▶ _PROBLEM STATEMENT_: For this exercise, output the entries below exactly from the line that holds "VARIO BLACK kabina" to the line that holds "SO ME Mardi", both ends included. No pictures belong in the copy.

▶ _DATA UNDER STUDY_:
● ● ● ● ● ● ●

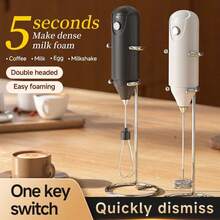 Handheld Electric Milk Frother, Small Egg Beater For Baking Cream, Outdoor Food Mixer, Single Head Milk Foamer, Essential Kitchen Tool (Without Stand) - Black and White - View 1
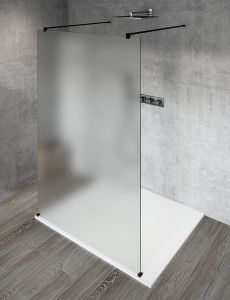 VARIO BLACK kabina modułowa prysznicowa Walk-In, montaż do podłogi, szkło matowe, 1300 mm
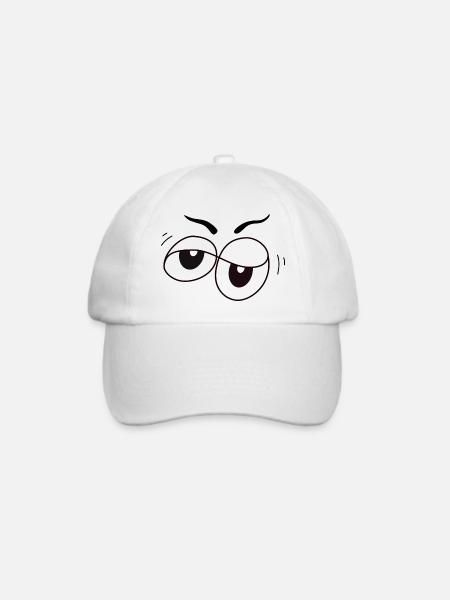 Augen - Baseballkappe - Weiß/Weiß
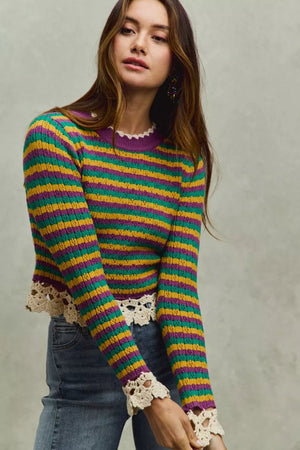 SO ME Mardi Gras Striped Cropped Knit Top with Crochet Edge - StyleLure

● ● ● ● ● ● ●

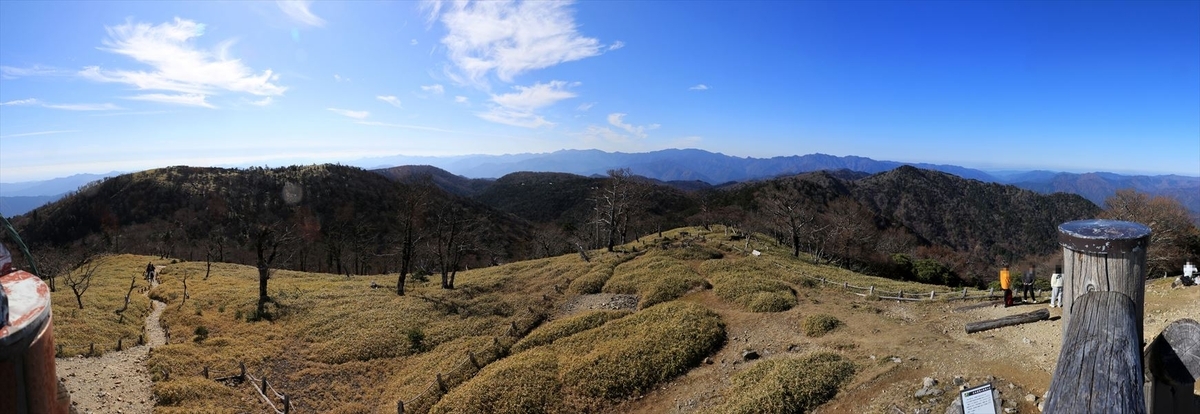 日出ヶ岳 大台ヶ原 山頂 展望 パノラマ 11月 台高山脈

● ● ● ● ● ● ●

▶ _OUTPUT FOR THIS TASK_:
 VARIO BLACK kabina modułowa prysznicowa Walk-In, montaż do podłogi, szkło matowe, 1300 mm
 Augen - Baseballkappe - Weiß/Weiß
 SO ME Mardi Gras Striped Cropped Knit Top with Crochet Edge - StyleLure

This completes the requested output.